Categories: Alabama Case Law

HAMILTON v. MORROW, 284 Ala. 228 (1969)

224 So.2d 588

Hoyt B. HAMILTON, as Principal Judge of the Court of County Commissioners, etc. v. Clyde MORROW et al., etc.

7 Div. 769.Supreme Court of Alabama.
June 12, 1969.

Appeal from the Circuit Court, St. Clair County, F. O. Whitten, J.

Burnham, Klinefelter Halsey, Anniston, for appellant.

Embry Robinson, Pell City, Gerald Swann, Ashville, Hawkins, Rhea Mitchell,

Page 229

Gadsden, Fred Blanton, Birmingham, for appellees.

LIVINGSTON, Chief Justice.

Respondent in a mandamus proceeding in the Circuit Court of St.
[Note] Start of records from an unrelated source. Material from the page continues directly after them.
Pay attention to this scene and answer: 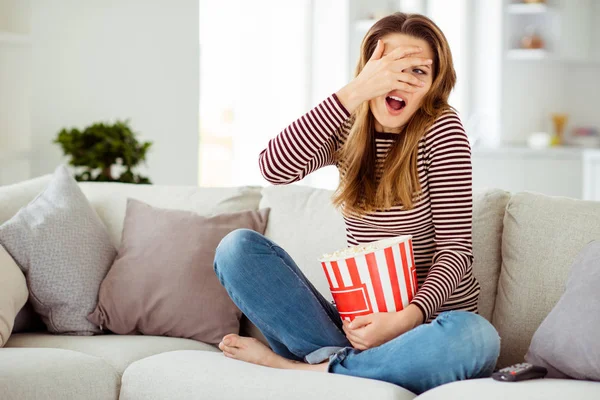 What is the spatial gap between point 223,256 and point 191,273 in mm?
392

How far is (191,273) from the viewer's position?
2.35 m

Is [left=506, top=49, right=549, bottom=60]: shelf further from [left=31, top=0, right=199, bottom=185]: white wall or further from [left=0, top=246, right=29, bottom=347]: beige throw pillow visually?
[left=0, top=246, right=29, bottom=347]: beige throw pillow

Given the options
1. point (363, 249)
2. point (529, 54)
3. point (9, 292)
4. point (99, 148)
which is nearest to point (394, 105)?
point (363, 249)

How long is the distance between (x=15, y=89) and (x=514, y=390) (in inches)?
123

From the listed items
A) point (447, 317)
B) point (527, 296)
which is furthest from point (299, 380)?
point (527, 296)

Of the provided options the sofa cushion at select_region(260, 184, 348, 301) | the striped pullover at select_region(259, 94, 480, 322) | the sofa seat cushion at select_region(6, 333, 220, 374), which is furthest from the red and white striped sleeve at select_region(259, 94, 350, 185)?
the sofa seat cushion at select_region(6, 333, 220, 374)

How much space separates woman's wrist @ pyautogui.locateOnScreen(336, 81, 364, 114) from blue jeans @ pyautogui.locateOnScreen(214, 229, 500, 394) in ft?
1.26

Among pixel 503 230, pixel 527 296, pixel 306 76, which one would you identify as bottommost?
pixel 527 296

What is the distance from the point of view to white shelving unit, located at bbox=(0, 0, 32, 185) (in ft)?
12.9

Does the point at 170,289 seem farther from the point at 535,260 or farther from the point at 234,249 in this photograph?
the point at 535,260

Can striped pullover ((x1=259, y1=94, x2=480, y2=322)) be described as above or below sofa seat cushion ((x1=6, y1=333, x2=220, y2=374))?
above

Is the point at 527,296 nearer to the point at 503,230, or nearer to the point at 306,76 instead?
the point at 503,230

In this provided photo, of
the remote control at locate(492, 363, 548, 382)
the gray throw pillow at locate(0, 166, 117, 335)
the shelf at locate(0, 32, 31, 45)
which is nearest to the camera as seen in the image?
the remote control at locate(492, 363, 548, 382)

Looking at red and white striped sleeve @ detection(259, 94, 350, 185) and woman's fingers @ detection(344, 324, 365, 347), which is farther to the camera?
red and white striped sleeve @ detection(259, 94, 350, 185)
Clair County, Alabama, appeals from a purported judgment, dated December 10, 1966, granting a peremptory writ of mandamus.
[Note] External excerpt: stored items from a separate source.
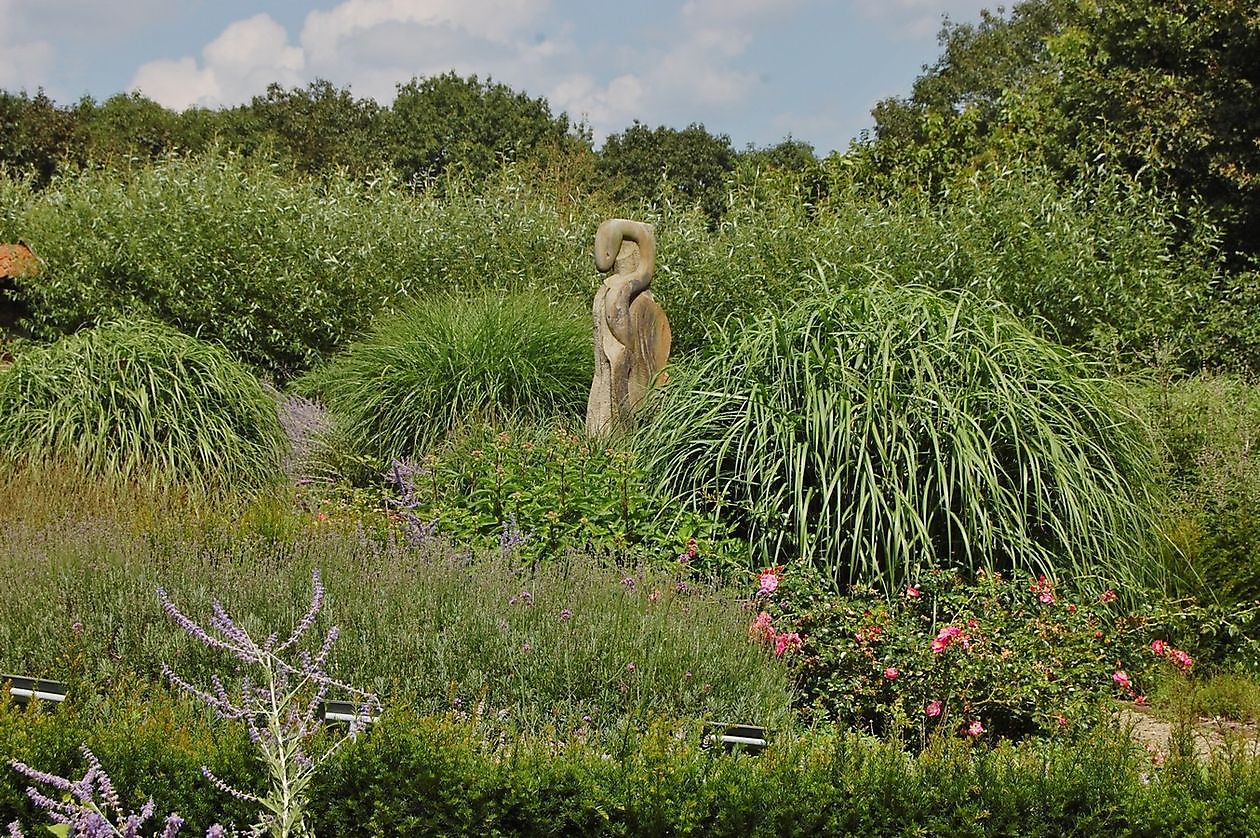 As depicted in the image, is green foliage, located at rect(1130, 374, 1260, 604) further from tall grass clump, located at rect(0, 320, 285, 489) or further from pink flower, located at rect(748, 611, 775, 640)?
tall grass clump, located at rect(0, 320, 285, 489)

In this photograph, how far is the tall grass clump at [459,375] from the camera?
8703 millimetres

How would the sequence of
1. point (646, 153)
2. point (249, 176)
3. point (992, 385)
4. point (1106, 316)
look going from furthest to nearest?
point (646, 153) → point (249, 176) → point (1106, 316) → point (992, 385)

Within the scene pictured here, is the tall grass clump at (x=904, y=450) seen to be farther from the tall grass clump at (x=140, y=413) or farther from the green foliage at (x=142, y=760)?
the tall grass clump at (x=140, y=413)

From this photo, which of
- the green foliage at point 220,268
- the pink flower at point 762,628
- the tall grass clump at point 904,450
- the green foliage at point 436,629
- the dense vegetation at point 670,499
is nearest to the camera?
the dense vegetation at point 670,499

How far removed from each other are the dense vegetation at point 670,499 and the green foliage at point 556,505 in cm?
3

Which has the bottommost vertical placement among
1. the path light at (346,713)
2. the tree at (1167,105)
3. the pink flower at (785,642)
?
the path light at (346,713)

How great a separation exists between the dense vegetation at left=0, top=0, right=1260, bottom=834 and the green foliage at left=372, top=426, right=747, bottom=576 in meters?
0.03

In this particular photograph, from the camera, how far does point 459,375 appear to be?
8.73m

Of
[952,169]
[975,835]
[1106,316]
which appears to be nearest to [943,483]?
[975,835]

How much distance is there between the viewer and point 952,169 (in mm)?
15922

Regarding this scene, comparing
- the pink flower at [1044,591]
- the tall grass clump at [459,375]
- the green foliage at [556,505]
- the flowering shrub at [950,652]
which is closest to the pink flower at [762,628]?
the flowering shrub at [950,652]

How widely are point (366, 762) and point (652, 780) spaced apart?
797mm

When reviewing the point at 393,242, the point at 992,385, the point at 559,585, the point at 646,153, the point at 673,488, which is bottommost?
the point at 559,585

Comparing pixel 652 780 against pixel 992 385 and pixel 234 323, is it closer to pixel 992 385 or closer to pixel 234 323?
pixel 992 385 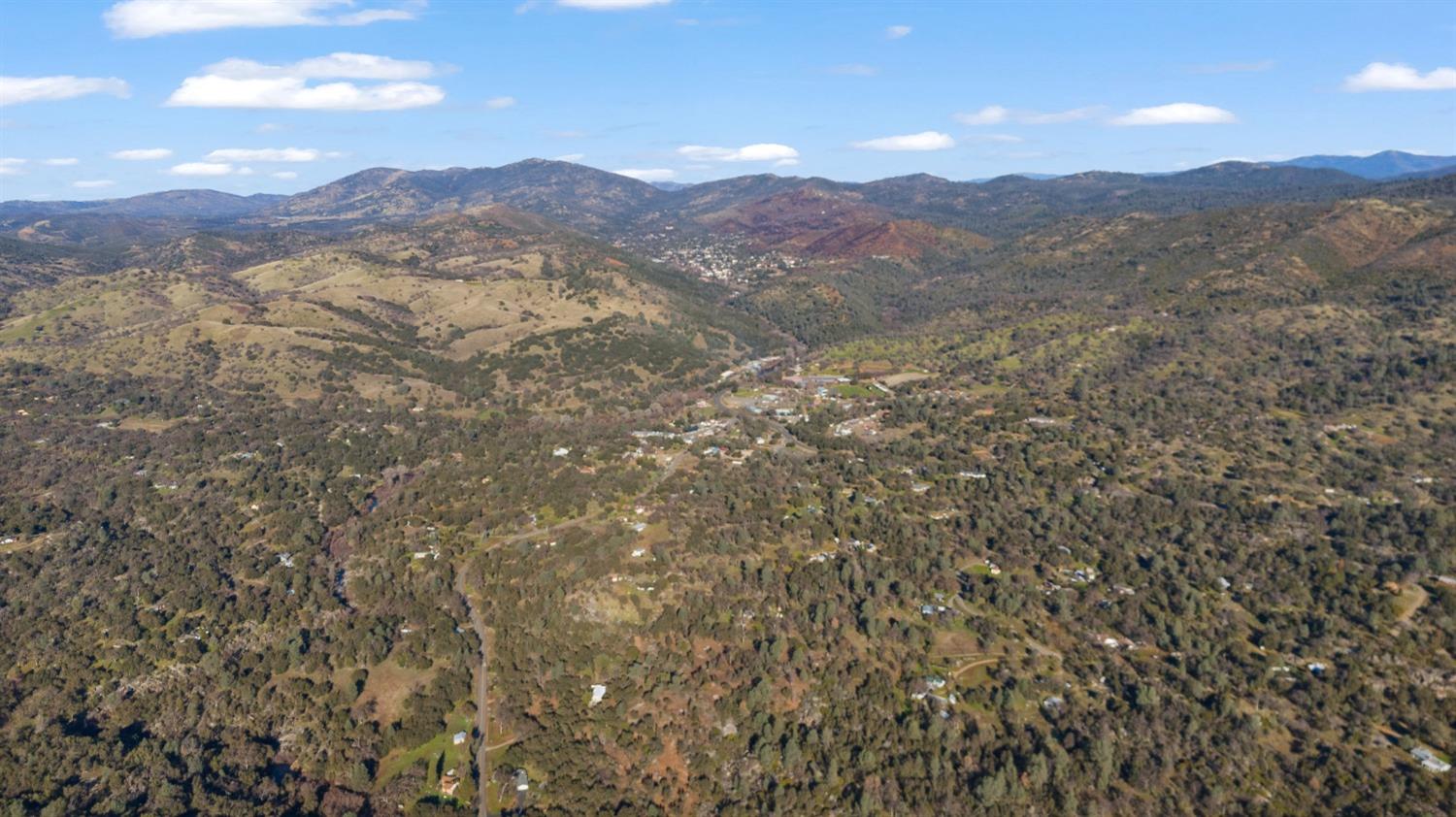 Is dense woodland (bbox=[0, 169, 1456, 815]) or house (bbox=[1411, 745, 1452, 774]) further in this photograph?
dense woodland (bbox=[0, 169, 1456, 815])

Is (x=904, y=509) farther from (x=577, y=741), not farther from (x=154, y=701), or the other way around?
(x=154, y=701)

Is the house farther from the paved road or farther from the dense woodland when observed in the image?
the paved road

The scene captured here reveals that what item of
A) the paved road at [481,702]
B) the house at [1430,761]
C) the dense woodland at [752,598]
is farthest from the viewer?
the dense woodland at [752,598]

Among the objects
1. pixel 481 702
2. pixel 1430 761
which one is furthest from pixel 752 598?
pixel 1430 761

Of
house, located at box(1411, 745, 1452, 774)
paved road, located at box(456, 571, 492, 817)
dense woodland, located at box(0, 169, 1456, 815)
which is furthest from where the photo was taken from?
dense woodland, located at box(0, 169, 1456, 815)

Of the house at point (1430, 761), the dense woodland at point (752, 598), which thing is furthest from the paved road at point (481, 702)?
the house at point (1430, 761)

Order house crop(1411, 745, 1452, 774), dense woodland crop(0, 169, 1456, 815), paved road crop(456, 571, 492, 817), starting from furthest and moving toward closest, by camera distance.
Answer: dense woodland crop(0, 169, 1456, 815) → paved road crop(456, 571, 492, 817) → house crop(1411, 745, 1452, 774)

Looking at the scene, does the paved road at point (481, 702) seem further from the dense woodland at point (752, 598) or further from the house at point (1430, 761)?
the house at point (1430, 761)

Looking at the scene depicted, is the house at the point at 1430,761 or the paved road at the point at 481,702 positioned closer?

The petition was filed by all four members of the Court of County Commissioners of St. Clair County, joined by five employees of the county and others similarly situated. The respondent (appellant) is the principal judge of said Commissioners’ Court. Title 12, Sec. 5, Code of 1940, Recompiled in 1958.
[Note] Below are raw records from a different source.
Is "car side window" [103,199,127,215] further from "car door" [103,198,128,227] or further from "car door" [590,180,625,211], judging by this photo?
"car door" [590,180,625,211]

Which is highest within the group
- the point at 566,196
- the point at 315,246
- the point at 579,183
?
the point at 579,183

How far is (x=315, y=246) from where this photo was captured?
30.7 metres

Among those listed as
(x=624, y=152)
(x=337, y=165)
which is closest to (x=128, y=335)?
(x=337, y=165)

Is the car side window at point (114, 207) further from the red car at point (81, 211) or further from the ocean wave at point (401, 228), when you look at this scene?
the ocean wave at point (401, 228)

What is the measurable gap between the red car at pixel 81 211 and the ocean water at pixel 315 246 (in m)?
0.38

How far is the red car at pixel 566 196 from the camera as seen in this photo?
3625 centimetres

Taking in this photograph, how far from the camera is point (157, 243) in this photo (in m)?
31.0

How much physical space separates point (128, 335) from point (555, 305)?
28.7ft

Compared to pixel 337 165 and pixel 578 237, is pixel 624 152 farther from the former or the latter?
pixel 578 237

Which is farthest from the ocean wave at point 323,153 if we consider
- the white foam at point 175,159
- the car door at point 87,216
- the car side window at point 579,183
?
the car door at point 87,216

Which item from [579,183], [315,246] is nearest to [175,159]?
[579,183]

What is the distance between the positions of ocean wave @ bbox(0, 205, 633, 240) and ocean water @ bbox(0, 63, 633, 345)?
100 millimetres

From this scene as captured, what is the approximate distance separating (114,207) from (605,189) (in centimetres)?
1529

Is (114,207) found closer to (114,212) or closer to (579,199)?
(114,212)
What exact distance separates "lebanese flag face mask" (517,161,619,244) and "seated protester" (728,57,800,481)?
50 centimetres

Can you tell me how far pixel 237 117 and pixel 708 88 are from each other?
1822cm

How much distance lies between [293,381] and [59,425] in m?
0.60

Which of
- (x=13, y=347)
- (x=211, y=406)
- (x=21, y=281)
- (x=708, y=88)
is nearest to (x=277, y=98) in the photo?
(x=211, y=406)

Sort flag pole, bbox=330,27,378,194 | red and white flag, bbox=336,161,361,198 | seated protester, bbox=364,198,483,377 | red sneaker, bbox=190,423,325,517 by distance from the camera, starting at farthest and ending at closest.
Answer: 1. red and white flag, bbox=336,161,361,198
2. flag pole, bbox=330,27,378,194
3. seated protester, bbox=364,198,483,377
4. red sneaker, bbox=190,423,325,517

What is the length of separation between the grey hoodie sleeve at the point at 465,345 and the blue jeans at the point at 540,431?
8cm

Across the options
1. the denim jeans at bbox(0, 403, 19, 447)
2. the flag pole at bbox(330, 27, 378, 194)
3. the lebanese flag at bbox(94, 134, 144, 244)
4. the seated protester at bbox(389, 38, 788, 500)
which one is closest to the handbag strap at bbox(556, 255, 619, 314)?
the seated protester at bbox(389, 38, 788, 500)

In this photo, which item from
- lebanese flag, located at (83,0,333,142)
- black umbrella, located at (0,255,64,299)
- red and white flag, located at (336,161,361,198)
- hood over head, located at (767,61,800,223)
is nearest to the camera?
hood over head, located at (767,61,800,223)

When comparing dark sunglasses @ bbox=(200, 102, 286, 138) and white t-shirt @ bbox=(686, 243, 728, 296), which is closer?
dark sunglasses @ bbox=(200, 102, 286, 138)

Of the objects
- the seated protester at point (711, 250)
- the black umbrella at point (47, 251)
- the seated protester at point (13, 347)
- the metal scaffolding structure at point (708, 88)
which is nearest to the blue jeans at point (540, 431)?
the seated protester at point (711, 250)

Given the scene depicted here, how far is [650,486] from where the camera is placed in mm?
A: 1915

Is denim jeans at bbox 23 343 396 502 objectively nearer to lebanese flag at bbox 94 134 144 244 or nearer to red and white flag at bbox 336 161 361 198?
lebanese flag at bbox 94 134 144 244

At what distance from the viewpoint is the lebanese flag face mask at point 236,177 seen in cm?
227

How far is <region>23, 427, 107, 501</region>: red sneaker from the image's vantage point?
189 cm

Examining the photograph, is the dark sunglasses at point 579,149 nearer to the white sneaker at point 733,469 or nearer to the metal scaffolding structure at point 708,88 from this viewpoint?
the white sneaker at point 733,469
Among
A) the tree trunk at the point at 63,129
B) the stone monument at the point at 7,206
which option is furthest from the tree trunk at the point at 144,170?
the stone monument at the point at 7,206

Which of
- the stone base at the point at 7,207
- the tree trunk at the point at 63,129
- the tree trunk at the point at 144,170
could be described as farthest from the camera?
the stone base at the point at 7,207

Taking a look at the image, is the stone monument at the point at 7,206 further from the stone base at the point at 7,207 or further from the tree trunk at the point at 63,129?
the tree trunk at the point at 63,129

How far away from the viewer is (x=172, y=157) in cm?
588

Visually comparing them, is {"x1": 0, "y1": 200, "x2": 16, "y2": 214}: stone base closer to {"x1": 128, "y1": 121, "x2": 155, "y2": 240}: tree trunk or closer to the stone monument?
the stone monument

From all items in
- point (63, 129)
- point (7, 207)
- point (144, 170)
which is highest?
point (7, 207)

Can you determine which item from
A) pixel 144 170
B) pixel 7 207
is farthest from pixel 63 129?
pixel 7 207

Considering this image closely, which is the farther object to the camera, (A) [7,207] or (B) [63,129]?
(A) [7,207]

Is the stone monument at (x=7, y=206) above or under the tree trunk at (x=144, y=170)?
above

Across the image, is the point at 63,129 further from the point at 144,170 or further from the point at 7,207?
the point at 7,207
The judgment from which the appeal was taken reads as follows:

“The issues being joined by the Complainants on the answer by the Respondent a judgment in favor of the Complainant on the petition as amended and the Respondent Hoyt B. Hamilton is ordered and directed to sign the checks as prepared and made out by the Clerk of the Court of County Commissioners and the County Treasurer of St. Clair County, which signature is in conformity with the resolution adopted by all four members of the County Commissioners on September 28, 1966.”

Appellees move this Court to dismiss the appeal because the judgment from which this appeal is taken is not final within the purview of Sec. 1074, Title 7, Code 1940, Recompiled in 1958. We think the motion has merit.

The purported judgment of the lower court is, we think, also insufficient in that as it reads in the record it has no more of a binding effect than a minute entry or bench note of the trial court. And no citation is required to say that a minute entry or bench note is not an appealable order or decree. Only where the lower court’s formal decree recites that “it is ordered and adjudged by the court,” or “it is the judgment of the court that,” or words of equivalent import, does such decree or judgment take on the character of a final judgment from which an appeal may be taken. Bronson v. Youngblood, 276 Ala. 14, 158 So.2d 656; Wynn v. McCraney, 156 Ala. 630, 46 So. 854.

Because the decree of the lower court in the instant case lacks the essential elements of finality as discussed, supra, it is ordered that the appeal in this case be, and the same is, dismissed.

Appeal dismissed.

LAWSON, MERRILL and HARWOOD, JJ., concur.